[Opening DATASET RECORDS section]

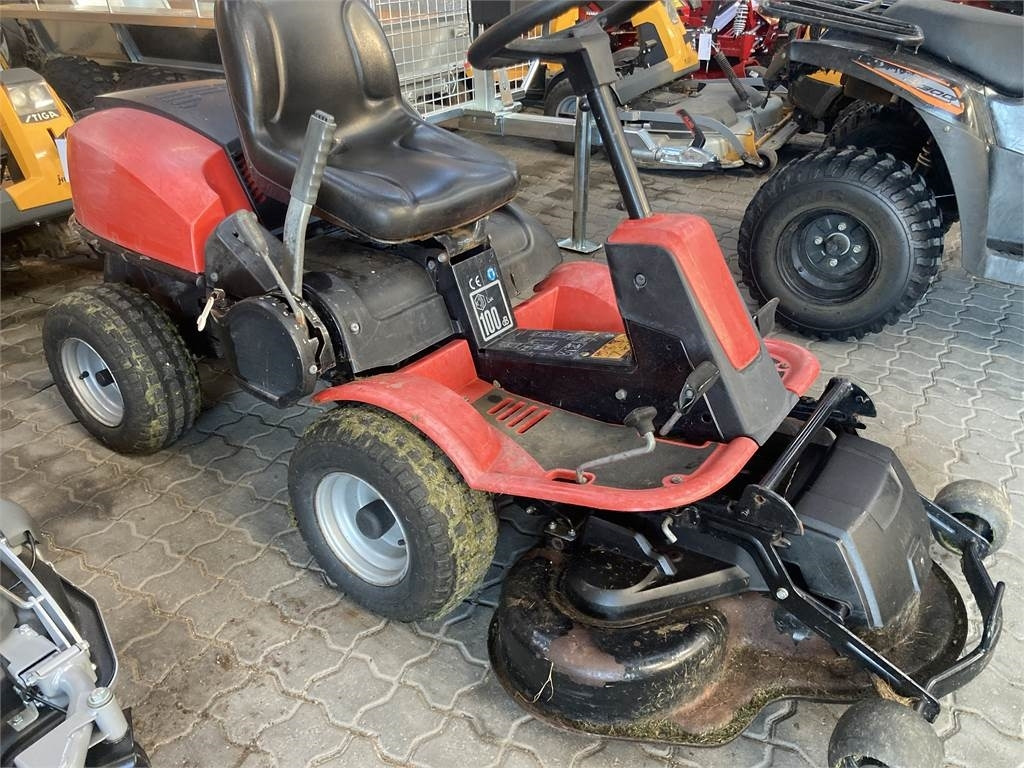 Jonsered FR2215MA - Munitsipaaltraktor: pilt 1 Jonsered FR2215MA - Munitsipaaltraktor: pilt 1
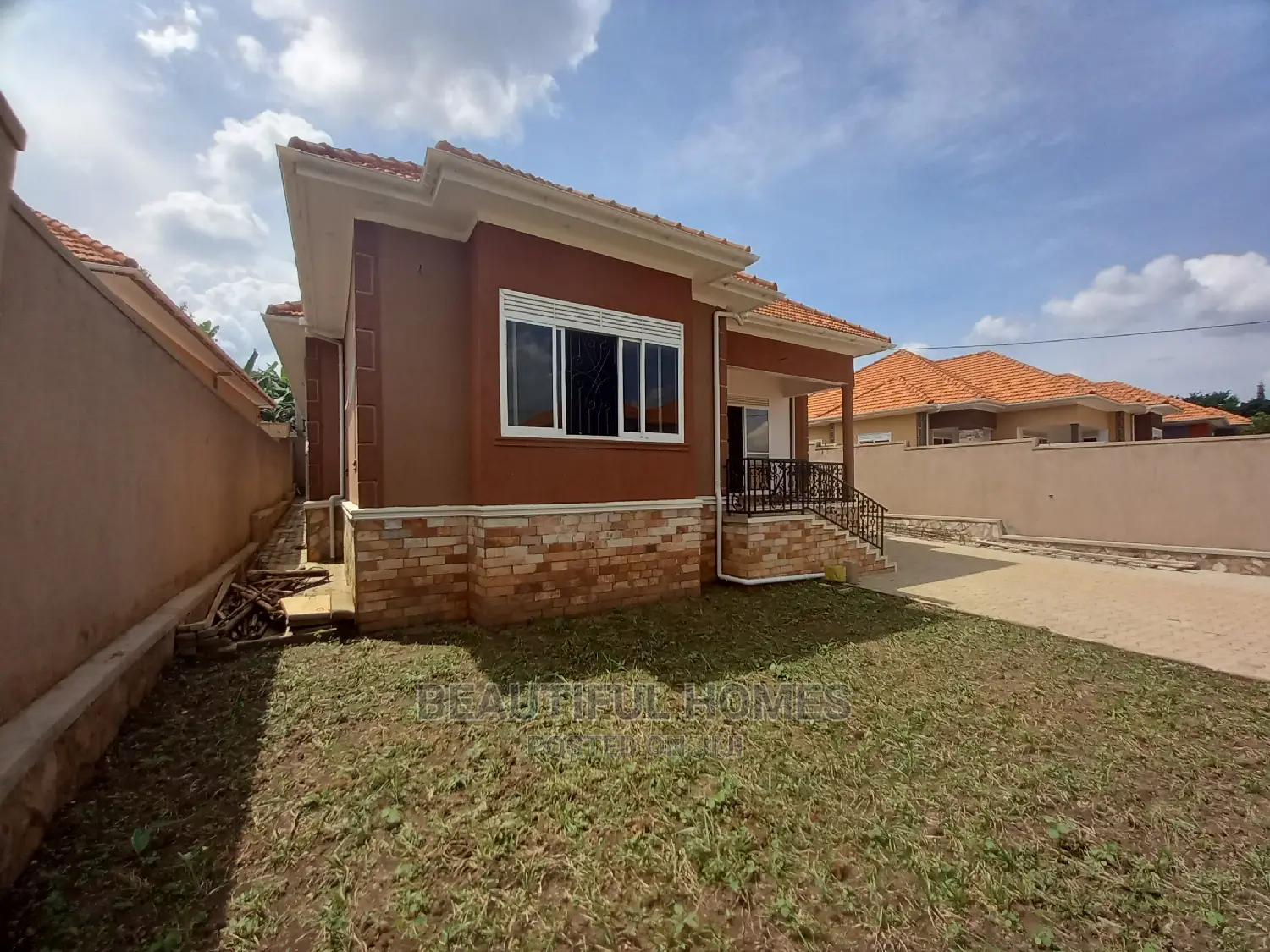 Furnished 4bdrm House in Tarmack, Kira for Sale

[Closing DATASET RECORDS section]
[Opening DATASET RECORDS section]

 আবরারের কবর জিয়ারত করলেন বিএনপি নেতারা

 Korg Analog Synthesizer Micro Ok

[Closing DATASET RECORDS section]
[Opening DATASET RECORDS section]

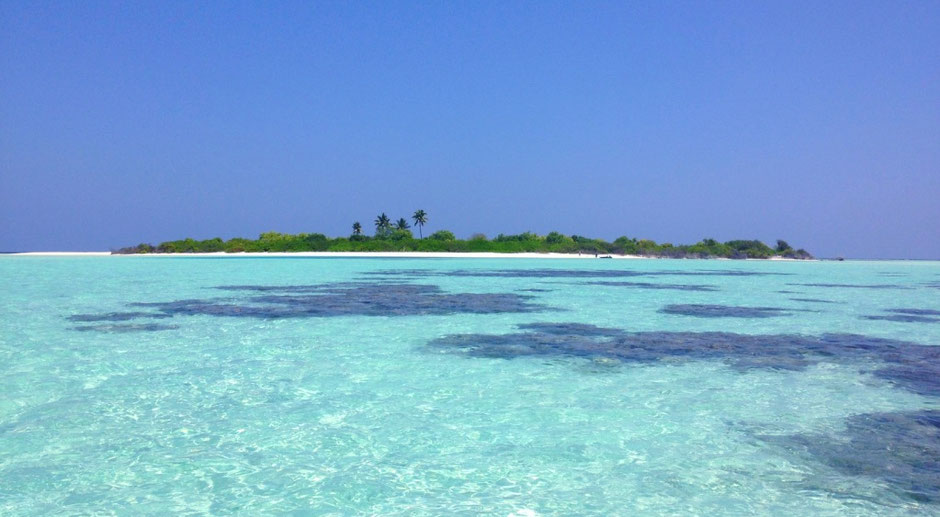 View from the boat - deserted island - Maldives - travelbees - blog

[Closing DATASET RECORDS section]

EXERCISE: In the listing above, find the line with "Jonsered FR2215MA - Munitsipaaltraktor: pilt 1 Jonsered" and the line with "Furnished 4bdrm House". Set down exactly those lines and everything between them, skipping pictures.

RESULT FOR THIS EXERCISE:
 Jonsered FR2215MA - Munitsipaaltraktor: pilt 1 Jonsered FR2215MA - Munitsipaaltraktor: pilt 1
 Furnished 4bdrm House in Tarmack, Kira for Sale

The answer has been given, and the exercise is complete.